Could you set down exactly the lines of the data below, starting at the one that holds "Programmazione a vincoli: algoritmi" and ending at the one that holds "sz Napkor Község", both included, and only those?

• Extracted entries:
__________________________________________________
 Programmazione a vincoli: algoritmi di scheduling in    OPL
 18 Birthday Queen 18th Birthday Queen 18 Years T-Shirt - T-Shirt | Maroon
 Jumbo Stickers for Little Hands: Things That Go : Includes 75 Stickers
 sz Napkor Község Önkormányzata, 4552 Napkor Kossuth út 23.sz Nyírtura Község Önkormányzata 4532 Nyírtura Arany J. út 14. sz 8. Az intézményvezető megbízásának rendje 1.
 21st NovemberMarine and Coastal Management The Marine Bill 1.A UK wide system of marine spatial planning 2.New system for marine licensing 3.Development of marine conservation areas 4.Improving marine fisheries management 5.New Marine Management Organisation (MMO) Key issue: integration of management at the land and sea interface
__________________________________________________
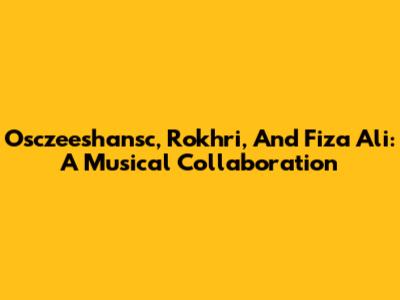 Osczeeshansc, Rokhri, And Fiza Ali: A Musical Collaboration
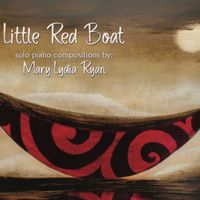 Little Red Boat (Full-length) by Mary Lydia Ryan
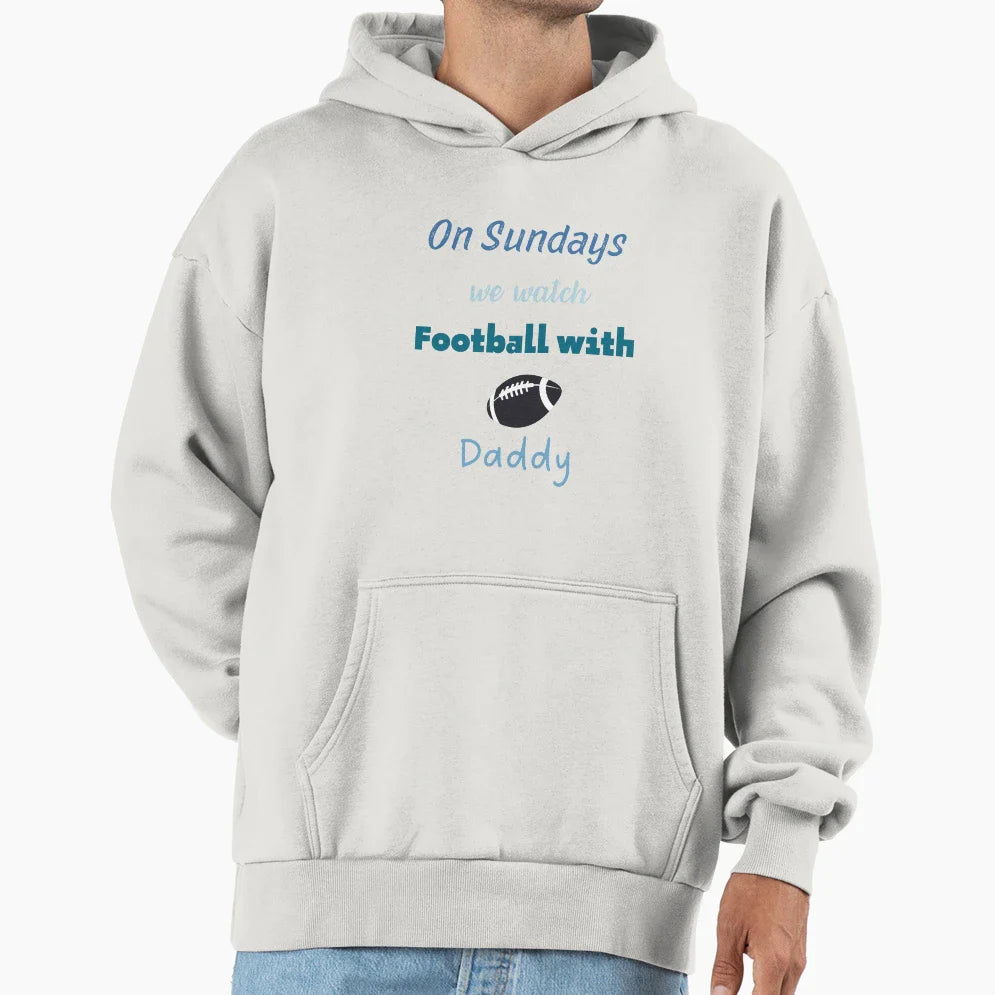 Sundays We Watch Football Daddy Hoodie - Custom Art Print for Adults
__________________________________________________
• Task answer:
 Programmazione a vincoli: algoritmi di scheduling in    OPL
 18 Birthday Queen 18th Birthday Queen 18 Years T-Shirt - T-Shirt | Maroon
 Jumbo Stickers for Little Hands: Things That Go : Includes 75 Stickers
 sz Napkor Község Önkormányzata, 4552 Napkor Kossuth út 23.sz Nyírtura Község Önkormányzata 4532 Nyírtura Arany J. út 14. sz 8. Az intézményvezető megbízásának rendje 1.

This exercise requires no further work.